** ABOUT THIS TASK **
All lines from the one containing "Chương trình khuyến" through the final line of the material below must appear exactly as they are, with nothing else.

** EXTRACTED DATA **
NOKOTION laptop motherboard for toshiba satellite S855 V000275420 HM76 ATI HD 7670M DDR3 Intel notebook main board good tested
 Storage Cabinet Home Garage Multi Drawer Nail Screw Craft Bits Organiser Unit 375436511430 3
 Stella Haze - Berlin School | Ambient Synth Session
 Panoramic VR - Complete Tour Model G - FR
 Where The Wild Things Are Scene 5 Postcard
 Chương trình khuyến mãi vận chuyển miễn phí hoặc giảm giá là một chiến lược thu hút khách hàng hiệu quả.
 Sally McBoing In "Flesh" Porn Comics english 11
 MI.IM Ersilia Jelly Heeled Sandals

** SOLVED PROBLEM **
 Chương trình khuyến mãi vận chuyển miễn phí hoặc giảm giá là một chiến lược thu hút khách hàng hiệu quả.
 Sally McBoing In "Flesh" Porn Comics english 11
 MI.IM Ersilia Jelly Heeled Sandals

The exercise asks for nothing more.